Well, they were at it again, these classical opposites. There were the erect and casual Californians—tennis pro Lee, suave in his dark shades, and lawyer Lawrence, almost a dead ringer for actor Richard Dreyfuss. Across the net stood the excitable Brooklynites, supported by an assortment of kids that might have come from the cast of Grease.
"This is the alltime psycho sport," Lee had told me before the match. "You're at close quarters, the ball bounces off bodies, and people get ticked off." Indeed, Hauptman-Fleitman and Lee-Lawrence were so equal in ability that the team with one psychological advantage would undoubtedly prevail. How, everyone wondered, had the New Yorkers handled their 12 months of torment? All year long they had carried pictures of Lawrence and Lee in their wallets. Hauptman, the more volatile of the two, had shed 30 pounds and softened his image. "I'm worried about Sol," said a friend. "He's become a mensh." That is Yiddish for nice guy; nice players are not supposed to finish first in paddle tennis.
The friend needn't have worried. "If you don't cover, I'll kill you," Fleitman raged at his partner.

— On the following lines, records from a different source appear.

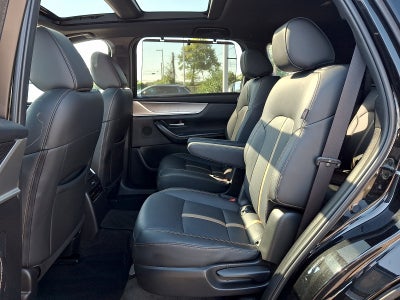 2024 Mazda Mazda CX-90 PHEV Premium Plus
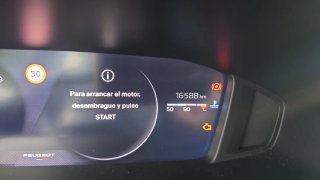 Peugeot 2008 año 2025
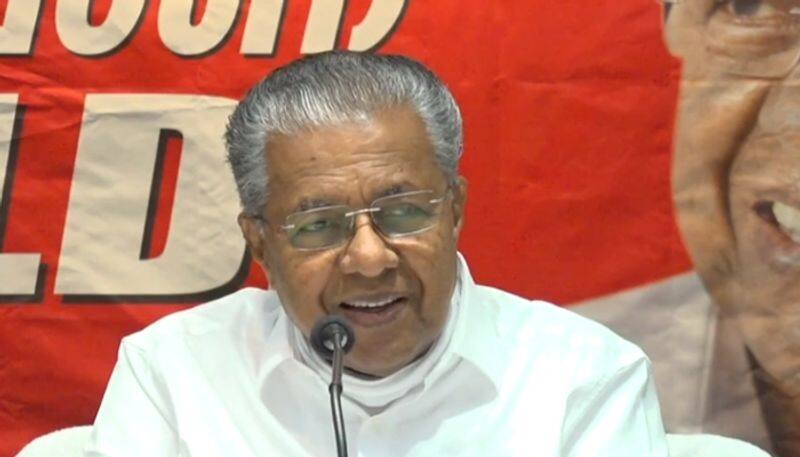 Kerala Election Results 2021: LDF gains lead in early trends; Metro Man E Sreedharan leads in Palakkad-dnm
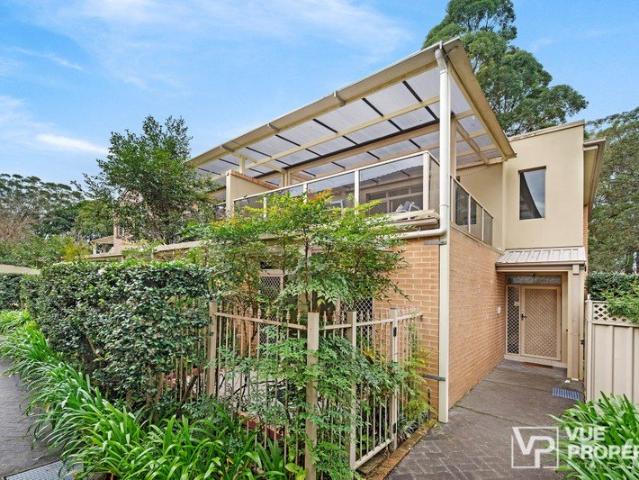 Townhouse for sale in Sydney, New South Wales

Hauptman snarled a reply. They were ready.
Like gladiators in the Colosseum, the finalists stood in a sunken court, the crowd surging around and above them. With the balls making great cracking sounds coming off their rackets, Hauptman and Fleitman won two of the first three sets. This had been the script the previous year, and Hauptman's fans were concerned when their hero blew an overhead on the last point of the third set, threw his racket and went into a sulk.
Ah, but the Brooklyn boys were primed. Yelling, embracing, once kissing like Soviet athletes, Hauptman and Fleitman ran off six straight games to take the match. The court was bedlam. I felt the same as when the Yankees won last year's Series. I had no great love for the Bombers, but I was pleased to see a rasty bunch of men triumphing over all that laid-back love. Eat your heart out, Jerry Brown.
"All this," Fleitman laughed, "for a little cup."
No, Jeff, all this for paddle tennis, the dream game.